Connections being reused for 50 requests (10kb each request).
Benchmarks ran on the same VM to avoid any network noise.
The VM instance type is compute optimized (exclusively owns all allocated CPUs) to avoid “noisy neighbors” issues.
The latency measurement resolution is microsecond (µs).

We are going to compare the following statistics:

Percentiles (from p50 to p99) — key statistics.
Outliers (p99.9 and p99.99) — critical for components of large distributed systems (learn more).
Maximum latency — the worst case should never be overlooked.
Trimmed mean tm99.9 — the mean without the best/worst 0.1%, to capture the central tendency (without outliers).
Standard deviation — to assess the stability of the latency.

Feel free to learn more about the methodology and why these stats were chosen. To collect data, I used perf-gauge.

Okay, let’s talk about the results!

Comparing high-performance languages: C, C++, Rust

I’d often heard that Rust is on par with C/C++ in terms of performance. Let’s see what “on par” exactly means for handling network I/O.

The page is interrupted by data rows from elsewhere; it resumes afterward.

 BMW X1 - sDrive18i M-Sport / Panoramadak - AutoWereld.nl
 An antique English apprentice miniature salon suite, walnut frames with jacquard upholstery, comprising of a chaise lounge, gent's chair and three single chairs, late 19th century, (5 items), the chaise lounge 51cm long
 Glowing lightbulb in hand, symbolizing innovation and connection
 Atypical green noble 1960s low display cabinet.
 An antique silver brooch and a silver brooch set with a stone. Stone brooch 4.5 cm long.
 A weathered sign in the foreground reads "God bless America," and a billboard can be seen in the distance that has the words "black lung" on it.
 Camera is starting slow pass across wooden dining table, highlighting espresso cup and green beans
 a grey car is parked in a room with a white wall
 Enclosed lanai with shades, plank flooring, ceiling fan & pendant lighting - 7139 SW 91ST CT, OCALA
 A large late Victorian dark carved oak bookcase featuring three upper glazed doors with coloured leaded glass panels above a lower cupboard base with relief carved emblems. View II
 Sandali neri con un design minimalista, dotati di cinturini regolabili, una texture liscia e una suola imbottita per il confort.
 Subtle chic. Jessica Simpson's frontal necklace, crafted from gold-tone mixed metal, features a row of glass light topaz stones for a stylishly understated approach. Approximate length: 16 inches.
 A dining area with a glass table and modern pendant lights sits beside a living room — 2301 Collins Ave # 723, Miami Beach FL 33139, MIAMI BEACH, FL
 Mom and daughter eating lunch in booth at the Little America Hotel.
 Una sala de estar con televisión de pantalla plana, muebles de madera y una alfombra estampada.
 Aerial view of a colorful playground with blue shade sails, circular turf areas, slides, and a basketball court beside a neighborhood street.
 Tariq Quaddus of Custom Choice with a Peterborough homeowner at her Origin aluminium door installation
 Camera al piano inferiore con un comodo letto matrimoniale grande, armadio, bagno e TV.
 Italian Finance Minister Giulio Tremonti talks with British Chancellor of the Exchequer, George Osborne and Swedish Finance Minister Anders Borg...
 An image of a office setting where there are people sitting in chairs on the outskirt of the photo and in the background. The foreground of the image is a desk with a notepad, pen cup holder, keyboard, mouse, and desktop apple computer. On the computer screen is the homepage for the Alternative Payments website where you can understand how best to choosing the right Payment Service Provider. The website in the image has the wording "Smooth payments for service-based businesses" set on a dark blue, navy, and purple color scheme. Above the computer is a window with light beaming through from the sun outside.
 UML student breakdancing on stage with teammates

See the four graphs below in the following order: Baseline, C, C++, Rust:

Green — p50, Yellow — p90, Blue— p99 in µs (on the left). Orange — rate (on the right)

Below, you’ll see how many microseconds are added on top of the backend for each statistic. The numbers below are averages of the interval at the max request rate (the ramp-up is not included):

Overhead, µs

In relative terms (overhead as the percentage of the baseline):

Overhead in % of the baseline statistic

Interestingly, while the proxy written in C++ is slightly faster than both HAProxy and Rust at the p99.9 level, it is worse at p99.99 and the max. However, it’s probably a property of the implementation, which is very basic here (and implemented via callbacks, not handling futures).

Also, CPU and Memory consumption was measured. You can see those here.

In conclusion, all three TCP proxies, written in C, C++, and Rust, showed similar performance: lean and stable.

Comparing memory-safe languages: Rust, Golang, Java, Python

Now, let’s compare memory-safe languages. Unfortunately, Java and Python’s solutions could not handle 25,000 rps on just two cores, so Java was benchmarked at 15,000 rps and Python at 10,000 rps.

See four graphs below in the following order: Rust, Golang, Java, Python.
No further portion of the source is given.